Why fork - Gozala/lispyscript GitHub Wiki
Initially fork of lispyscript was created to contribute improvements & bug fixes to an original lispy repository, but in the process few decisions have driven it to an incompatible direction. This document attempts to elaborate reasons and hopefully motivate unification.
Note: Some of the outlined points may present work in progress plans that are not yet implemented. They will have appropriate notes.
1. Clojure syntax
In contrast to main lispy repository that defines it's custom lisp syntax, this fork enables and also encourages clojure(script) syntax instead (while keeping backwards compatibly with lispy). This provides certain advantages:
-
All the tooling build by a clojure community (syntax highlighters, editors, …) becomes automatically available.
-
Unlike other lisps, clojure is little lighter on parentheses
()by employing curly braces{}& square brackets[], which makes code easier to read. -
Bunch of code has already being written in clojure(script), same syntax enables code reuse.
-
Clojure(script) has active community, that will have no barrier on using lispy if it had same syntax.
Examples
;; Variables
(var foo "bar") ;; Lispy
(def foo "bar") ;; Fork
;; Lambdas
(function (a) (+ a 1)) ;; Lispy
(fn [a] (+ a 1)) ;; Fork
;; Functions
(var inc (function (a) (+ a 1))) ;; Lispy
(defn inc [a] (+ a 1)) ;; Fork
;; Method calls
(console.log "Hello LispyScript!") ;; Lispy
(.log console "Hello LispyScript!") ;; Fork
;; Property access
(.location (open uri)) ;; Lispy
(.-location (open uri)) ;; Fork
;; Setting values
(set foo "bar") ;; Lispy
(set! foo "bar") ;; Fork
;; Macros
(macro when (cond rest...) ;; Lispy
(if ~cond (do ~rest...)))
(defmacro when [condition & body] ;; Fork
`(if ~condition (do ~@body)))
2. Conventional code
Lispyscript embraces JS conventions, like cammelCase, isPredicate style etc… Which feels little awkward for lisp dialect. In contrast this fork embraces dash-delimited and predicate? style that is translated to conventional cammelCase, isPredicate JS style.
Examples
(set xhr.onReadyState stateHandler) ;; Lispy
(set! xhr.on-ready-state state-handler) ;; Fork
Both compile to:
xhr.onReadyState = stateHandler
3. Arity base dispatch
Lispyscript get's out of it's way to be homoiconic JS with macros. While this fork shares same goal, it takes a step forward and provides arity based dispatch for macros and functions (functions don't have it yet) as an alternative to painful arguments based code branching.
Examples
(defmacro def
"Defines a varible with given initial value or undefined"

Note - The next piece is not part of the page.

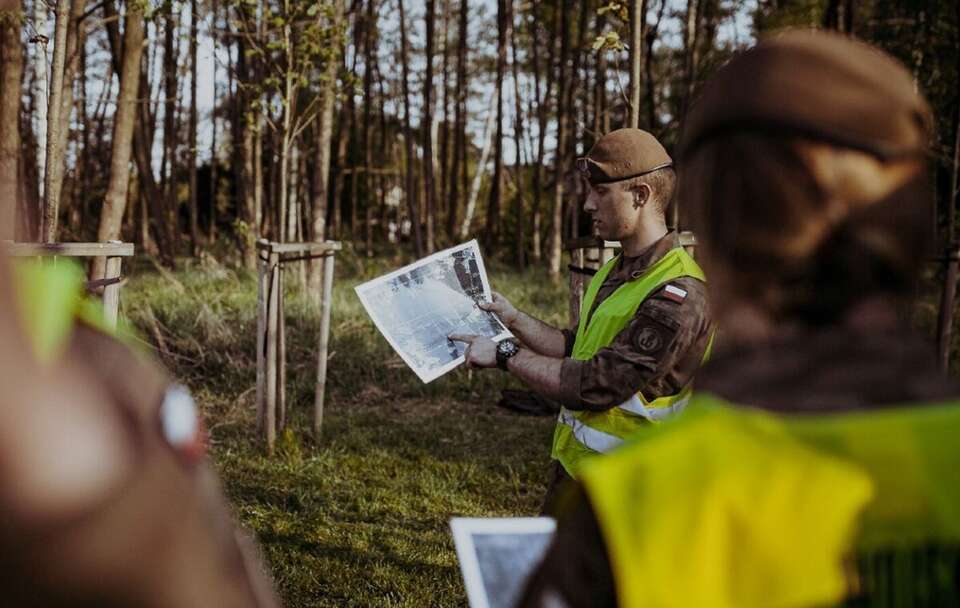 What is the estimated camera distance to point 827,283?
958 millimetres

([name] `(def ~name (void)))
([name value] (js* "var ~{}" (set! ~name ~value))))
4. Commas are optional
This fork treats , (similar to clojure) as a whitespace. This allows lighter syntax for JS arrays. Same is planned for dictionaries - JS objects.
5. () are lists, [] are vectors / JS Arrays
Unlike original lispy () represents lists and [] represent vectors - JS arrays. (This is not fully baked in yet)
6. Keywords
Clojure has keyword data structure, that is typically used to for parametric flags: :ready, :loading. In JS this is usually substituted with a string constants: "ready", "loading". This fork supports keywords translating them to analogous strings to match JS conventions. This allows more expressive highlighting difference between constants and plain strings.